I wish I could tell you that I have a solution. A way to avoid bad experiences completely, but I have yet to come across one. Life just has a funny way of f*cking things up now and again, but its OK, because I’ve learned that I can build strength from moments that attempt to break my spirit.
When I’m knocked down, what I learn as I get back up makes me stronger. The lasting impact reduces as I increase my tolerance and patience to work through any negative experience life decides to put me through.
The future is promising and my present is shaping up nicely. I’m experiencing the life I have built for myself and for the first time, I’d become unconcerned with interruption.
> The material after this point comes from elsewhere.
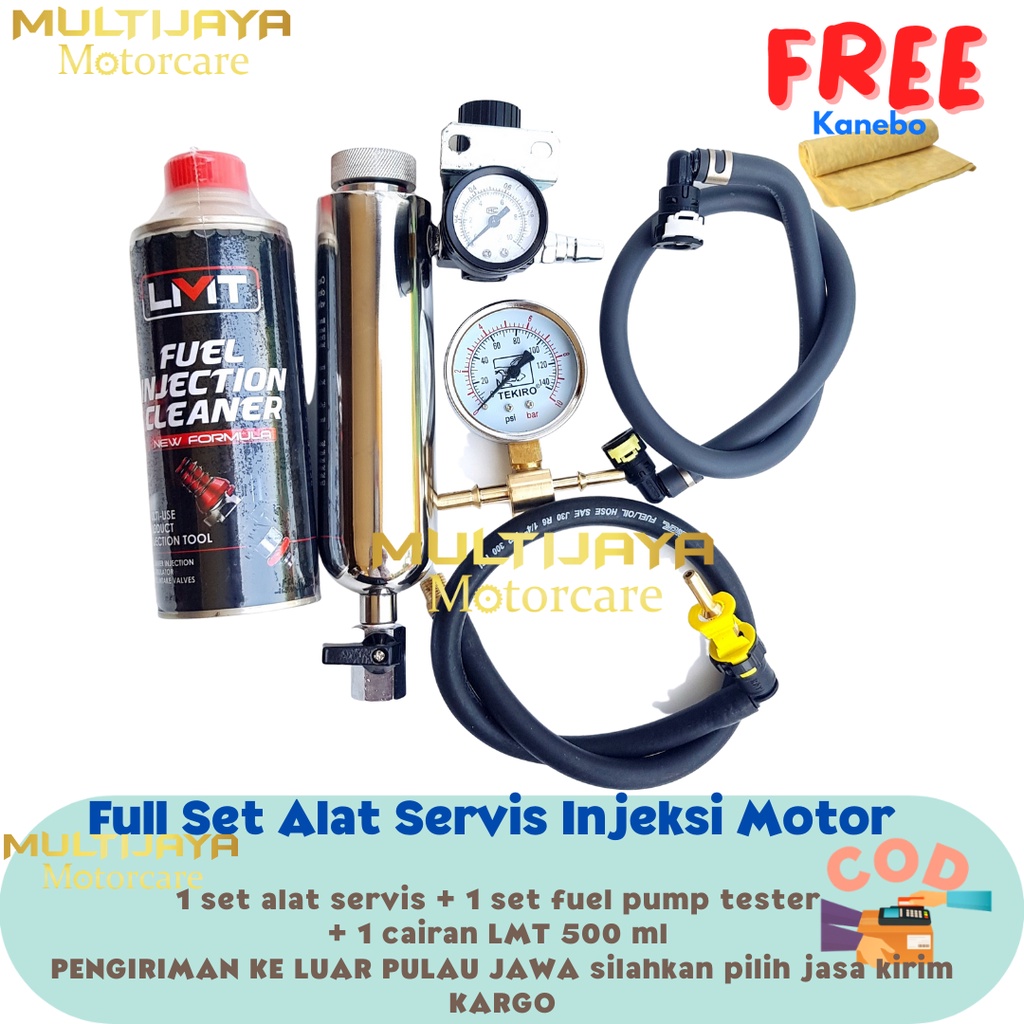 Full Set Alat Servis Motor Injeksi | Tabung Infus + Fuel Pump Tester Tekiro + Cairan Pembersih LMT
The past few weeks have been a whirlwind of good vibes: from networking and connecting with new people, through to celebrating milestones and successes. However, getting caught up in all this current bliss, I overlooked any potential disruptions that would affect this positive flow of energy. I was productive, I was social and I was grounded.
I won’t go into detail, but an echo of disappointment and mistrust knocked me sideways as my identity was threatened. Everything I had work so hard for felt like it was unravelling because of this one, unrelated negative experience. It was so unexpected that disruptive thoughts consumed my consciousness, I was struggling to focus as I tried to regain a positive mental state.
I guess it’s what a lot of us do in situations that impact us negatively, I tried to overcome without processing and I tried to rebuild without reflection. There was bit of a journey between where my mind had ended up to where my mind needed to return, and I had to drive down a highway of reflection to get there. Full of wide turns and varying speed limits, the journey felt long but I found myself finding more peace as I passed each landmark I recognized.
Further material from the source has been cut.